Jemma Ransom

Congratulations Julian, thoroughly well deserved!

Favourite Thing: My favourite part of science is finding out the results of my experiments. Most of what I do in the lab takes weeks, from planning an experiment through to actually doing it, and it’s a real thrill to finally find out whether it has worked and what the next step will be!



Beacon Community College Crowborough (1998-2003); Sussex Downs College (2003-2005)


BSc at University of Aberdeen (2005-2009); PhD at University of Aberdeen (2009-present)

Work History:


Current Job:

I’m currently studying for a PhD at University of Aberdeen

Me and my work

I look at how the cells in your brain (neurons) use vitamins that you eat in your diet.
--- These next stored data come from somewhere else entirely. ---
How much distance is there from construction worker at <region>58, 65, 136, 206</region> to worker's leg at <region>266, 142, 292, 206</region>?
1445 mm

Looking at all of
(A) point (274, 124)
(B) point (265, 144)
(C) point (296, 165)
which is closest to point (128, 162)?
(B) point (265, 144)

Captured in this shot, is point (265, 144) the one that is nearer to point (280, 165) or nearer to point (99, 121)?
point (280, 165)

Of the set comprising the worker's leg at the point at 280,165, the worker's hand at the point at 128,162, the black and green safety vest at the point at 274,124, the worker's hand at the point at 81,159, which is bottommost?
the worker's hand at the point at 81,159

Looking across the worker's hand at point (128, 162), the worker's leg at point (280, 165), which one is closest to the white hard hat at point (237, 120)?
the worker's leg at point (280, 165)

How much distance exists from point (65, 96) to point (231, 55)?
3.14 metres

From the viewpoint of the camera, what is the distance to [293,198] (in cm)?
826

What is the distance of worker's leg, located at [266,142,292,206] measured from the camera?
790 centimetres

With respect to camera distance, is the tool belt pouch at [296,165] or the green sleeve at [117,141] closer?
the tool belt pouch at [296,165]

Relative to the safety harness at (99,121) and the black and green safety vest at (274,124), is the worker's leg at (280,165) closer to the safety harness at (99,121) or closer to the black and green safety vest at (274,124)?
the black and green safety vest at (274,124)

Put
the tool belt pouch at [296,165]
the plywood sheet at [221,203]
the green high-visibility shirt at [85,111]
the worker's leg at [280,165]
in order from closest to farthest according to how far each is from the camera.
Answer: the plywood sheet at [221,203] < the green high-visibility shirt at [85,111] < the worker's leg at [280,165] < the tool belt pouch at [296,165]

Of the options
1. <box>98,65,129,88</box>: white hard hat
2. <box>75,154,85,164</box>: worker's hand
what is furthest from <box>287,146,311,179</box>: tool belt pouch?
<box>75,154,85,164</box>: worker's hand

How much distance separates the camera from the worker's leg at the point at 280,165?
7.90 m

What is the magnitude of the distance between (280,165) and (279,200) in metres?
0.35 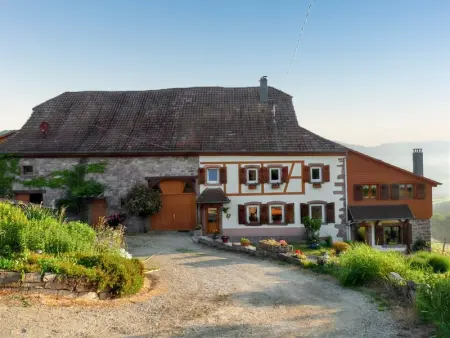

I was never very interested in science at school, always thinking that it was for the bright kids at the front of the class and not for the likes of me! I much preferred English, music, and creative subjects. However, there’s not much of a living to be made in being a novelist or artist so after doing not badly in biology and chemistry at GCSE level (largely due to a set of inspirational science teachers) I decided to take these subjects on to A-level. I’ve always been fascinated with the human body, how it works and what happens when it goes wrong, so I decided to study Physiology at University. Here I discovered that science is a creative subject, scientists design experiments, and piece their results into stories that describe how the systems they are looking at work (or at least how they think they do!) I decided that science was the career for me after I spent a summer in a lab working with a fantastic tutor who patiently taught me that labs weren’t so scary after all, and I’m pleased to say that I still work with her investigating how brain cells use vitamins from the diet.

My Typical Day

I spend most of the day growing up neurons from several areas of the brain, and the rest teaching undergraduates and in meetings

My day begins quite early, I arrive at the lab and check on my cells in the incubator. Most of the morning is spent tending to their every whim (neurons are very needy cells!) and setting up experiments. I quite often have meetings during lunch where I meet up with other scientists and we chat about how our work is going, discuss results, and come up with new ideas for experiments. I sometimes teach during the afternoons, this involves taking undergraduates (usually first years) through the techiques that they will need later in their courses. Late afternoon is usually results time, and every friday evening I find out if the experiments I have done during the week have worked, analyse the results, and if anything interesting crops up e-mail my boss. A typical evening will involve looking after my rabbits, going for a run (weather permitting), and watching a film before bed.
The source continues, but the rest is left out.